I used to work with a Sound Technology 1710A. The unit needs calibration and some repair; I have sent mails to ST, but no response until now. Just a calibration is a staggering 995 dollar or so, ex P&P, if they accept the work. Then I realized that even if they were willing to repair the unit, the performance will not be good enough to measure modern or modified vintage equipment. So we moved on.

Distortion analyzers like the ST are based on wideband AC RMS meters. First you measure the output signal of the amplifier under test, then you remove the test tone and measure the residue. Eventually you can calculate the distortion. This is off course distortion including noise.

The software distortion analyzers are based on a spectrum analyzer program and analog-to-digital and digital-to-analog converters. This type of analyzers measures the individual frequency components, the rest is “only” calculation!

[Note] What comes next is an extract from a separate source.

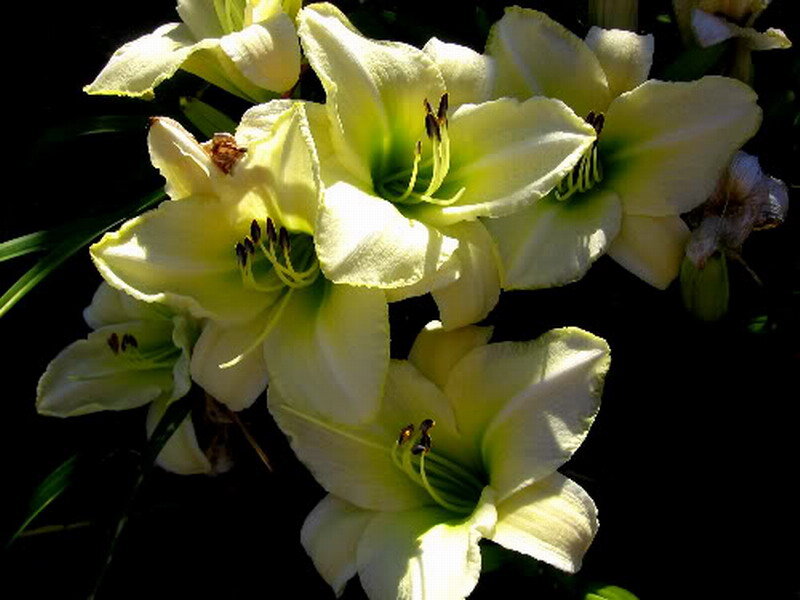 Yellow Lilies in Bloom — Dramatic, Photograph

Spectrum analyzers existed in the pre digital days, but they where very expensive.

The theory behind this is the fact that every repeating signal can be decomposed in so called harmonics and the basic frequency component. To measure amplifiers you also need a signal generator and an oscilloscope in (preferable) one software package. I started with a freeware solution from Sillanum Soft and the standard sound card in my PC. The results were very promising. The next phase was a high quality, 24 bit, 192 KHz sampling rate, low distortion, soundcard with balanced outputs (ESI Juli@). The results were more than ok. Because the Sillanum Soft package only has the basic functionality, I bought a package from Virtins Technology and built a proper brake out box with volume controls, a variety of connections and a possibility to connect load resistors and other lab equipment. To get more speed (calculation power) from the PC, I also installed a 64 bit operating system (dual boot option).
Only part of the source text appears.